ASSIGNMENT: From the records below, take each line where the string "photo" shows up and copy it.

****************************************

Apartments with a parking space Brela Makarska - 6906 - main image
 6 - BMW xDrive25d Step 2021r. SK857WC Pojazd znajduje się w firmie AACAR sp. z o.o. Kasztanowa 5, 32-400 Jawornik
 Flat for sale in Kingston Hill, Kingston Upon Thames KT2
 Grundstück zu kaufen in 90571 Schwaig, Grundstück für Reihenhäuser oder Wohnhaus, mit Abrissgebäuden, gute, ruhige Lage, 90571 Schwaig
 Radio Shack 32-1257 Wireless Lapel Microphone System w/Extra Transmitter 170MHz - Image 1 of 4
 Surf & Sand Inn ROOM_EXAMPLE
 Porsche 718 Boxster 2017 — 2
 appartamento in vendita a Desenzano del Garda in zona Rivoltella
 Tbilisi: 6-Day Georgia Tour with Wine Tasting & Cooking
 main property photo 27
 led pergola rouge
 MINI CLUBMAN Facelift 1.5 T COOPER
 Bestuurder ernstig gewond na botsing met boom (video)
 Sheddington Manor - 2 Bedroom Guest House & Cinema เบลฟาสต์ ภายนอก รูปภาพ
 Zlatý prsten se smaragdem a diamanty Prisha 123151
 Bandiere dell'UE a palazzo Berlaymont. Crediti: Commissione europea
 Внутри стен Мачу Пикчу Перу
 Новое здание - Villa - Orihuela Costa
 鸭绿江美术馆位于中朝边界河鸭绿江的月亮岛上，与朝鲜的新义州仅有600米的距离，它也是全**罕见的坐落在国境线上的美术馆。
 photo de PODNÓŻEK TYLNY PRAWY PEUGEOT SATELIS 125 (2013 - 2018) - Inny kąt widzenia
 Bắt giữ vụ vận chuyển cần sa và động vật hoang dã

****************************************

EXPECTED ANSWER:
 main property photo 27
 photo de PODNÓŻEK TYLNY PRAWY PEUGEOT SATELIS 125 (2013 - 2018) - Inny kąt widzenia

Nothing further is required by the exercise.